Está por ver y entender algún modelo o razón plausible de la evolución del voto catalán, su origen si autóctono o hijo de la emigración, las sinuosas relaciones con el franquismo o no de las clases altas, la convivencia padres-hijos en relación al independentismo, la concomitancia de la tradición libertaria barcelonesa con el auge del movimiento okupa, el radicalismo ‘cupero’ y las noches incendiarias de contenedores, la vinculación del gregarismo menestral que ha nutrido el pujolismo y ahora el exilio de Carles Puigdemont con la tradición condal del feudalismo, la influencia de los abades de Montserrat, la capacidad asimiladora del Barça, etcétera.
No sabemos nada de una sociología cosmovisionaria catalana, entre otros motivos, por los antedichos: la realidad está simulada. ERC, por ejemplo, tuvo un líder supuestamente de izquierdas, Heribert Barrera, de pensamiento filonazi, y más tarde al hijo de un guardia civil –Josep Lluís Carod-Rovira– y a un hijo y nieto de emigrantes con síndrome de Estocolmo, Gabriel Rufián. Más teatral ha resultado, incluso, la madeja ideológica por la que ha transitado el PSC, un partido que entregaba la representación del mando a los hijos de la alta burguesía: los Maragall, Reventós, Sobrequés, Nadal, Obiols o Serra cuando el grueso de la militancia está compuesto por la emigración andaluza y extremeña. Una mayoría que no ha querido copar el liderazgo salvo en el periodo del inane José Montilla, pero que no se atrevió con la malograda Carmen Chacón.
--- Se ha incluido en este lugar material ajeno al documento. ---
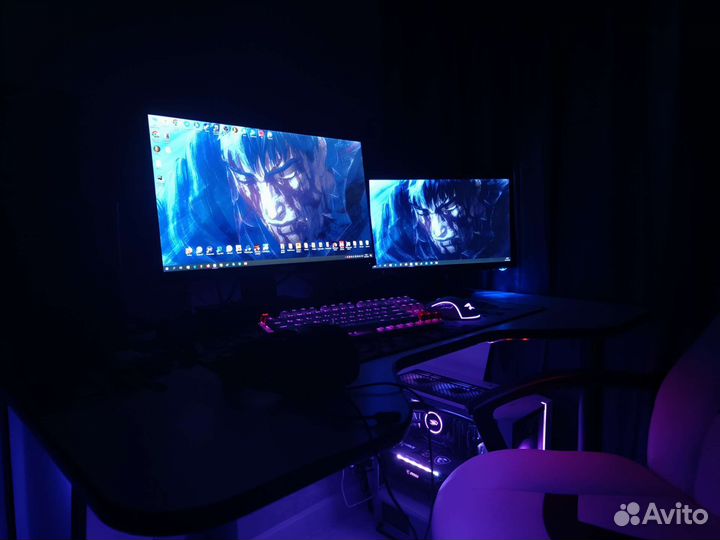 Компьютерный мастер Компьютерная помощь Ремонт пк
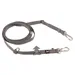 Hurtta Hundeleine Multilong blackberry
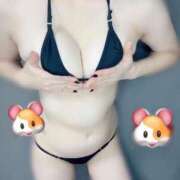 ヒメ日記 2025/06/27 13:42 投稿 るか 小岩ハイブリッドマッサージ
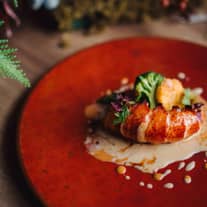 Enchante/ひたちなか本店 小野写真館グループ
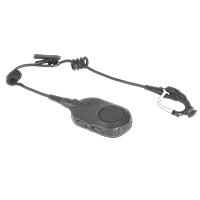 Motorola NTN2570 Motorola NTN2570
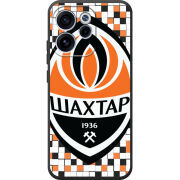 Чохол BoxFace OPPO Reno 15 F 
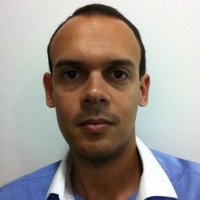Iuri Matos, Pmp, Pmi-Sp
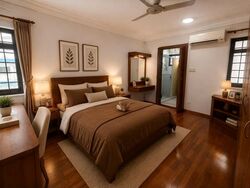 Blk 503A Montreal Spring (Sembawang), HDB Executive #591992661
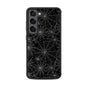 Galaxy S24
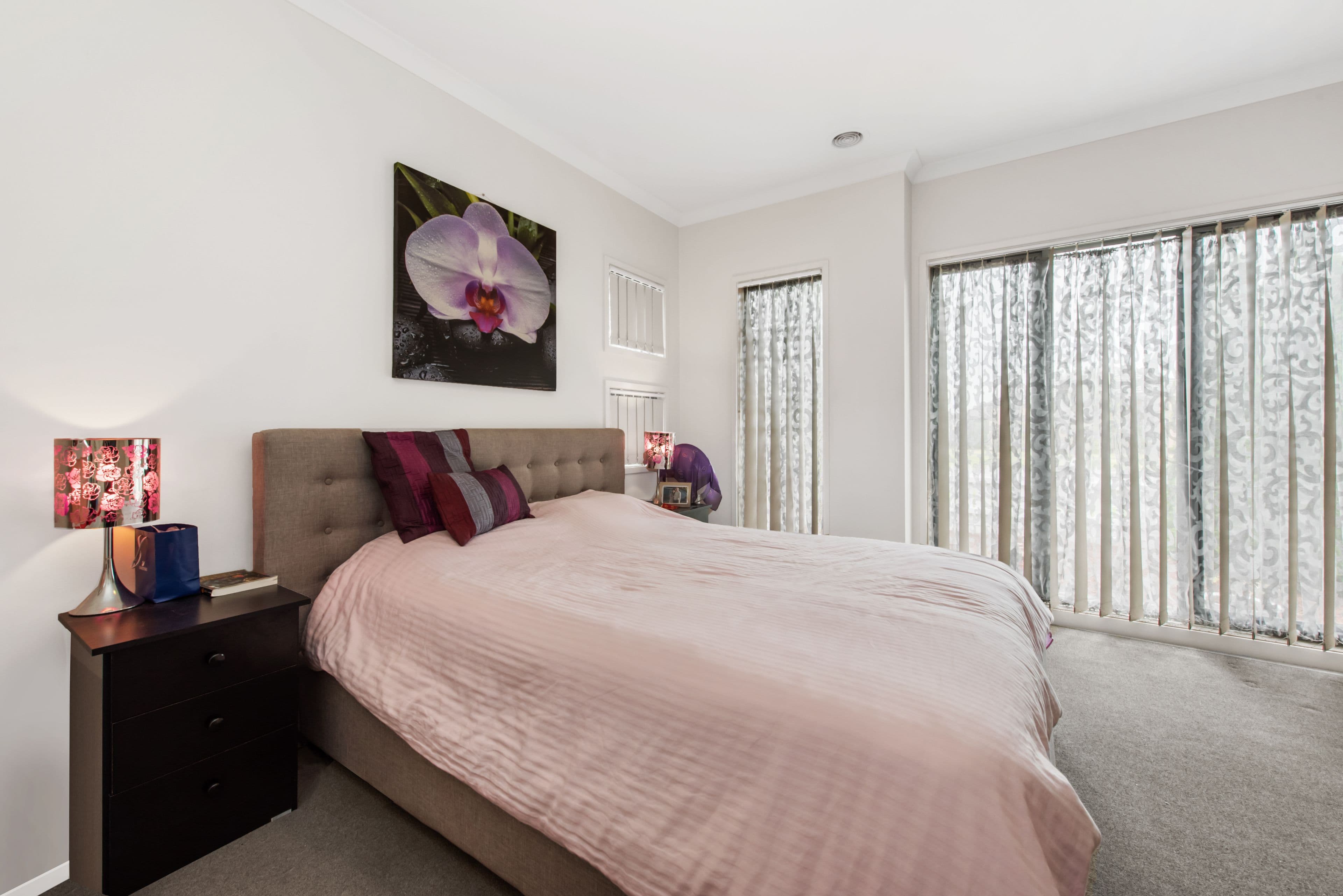 43 Park Orchard Drive, Pakenham VIC 3810, Pakenham - Thumbnail 6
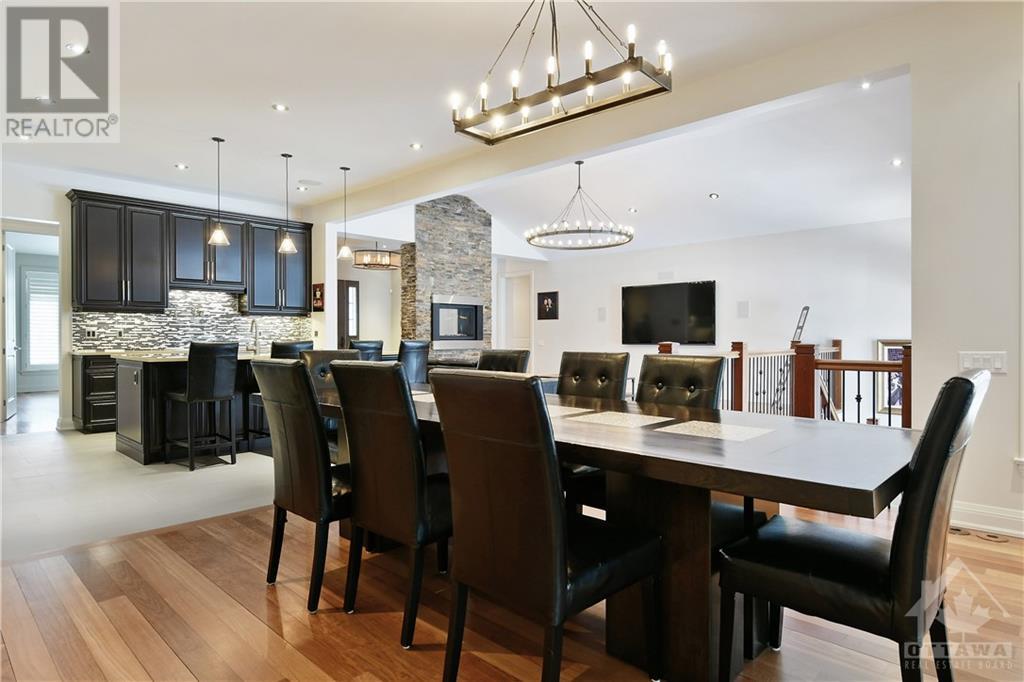 21 Kerry Crescent, Ottawa, Ontario K2E 5V7 - Photo 8 - 1260000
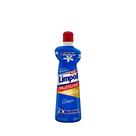 Limpador Multiuso Clássico Limpol 500ml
Así las cosas, los mundos que coexisten sin convivir en la actual Cataluña ya no tienen nada que decirse el uno al otro, aunque el PSC, en tierra de nadie, propone una vía desconocida de entendimiento no sabemos hacia dónde, inviable en cualquier caso si se hace a espaldas del centro derecha español, más si cabe cuando irrumpe Vox en el teatrillo –con Ignacio Garriga, un candidato de color que también busca emitir señales equívocas– y al PP le estallan las confesiones de Luis Bárcenas y el liderazgo de Cayetana Álvarez de Toledo, su diputada nacional por Barcelona.
El ejemplo más palmario de que en Cataluña unos viven en Marte y otros en la Luna, tuvo lugar durante el debate que TVE organizó para toda España, y en el que un galleguista progre confeso como el periodista Xabier Fortes pidió a los candidatos que hablasen en castellano para que el resto de españoles les comprendiese mejor y sin necesidad de traductores. Ni caso, los cuatro independentistas no se dieron ni por aludidos y hablaron siempre en catalán. Nadie desea una España amable.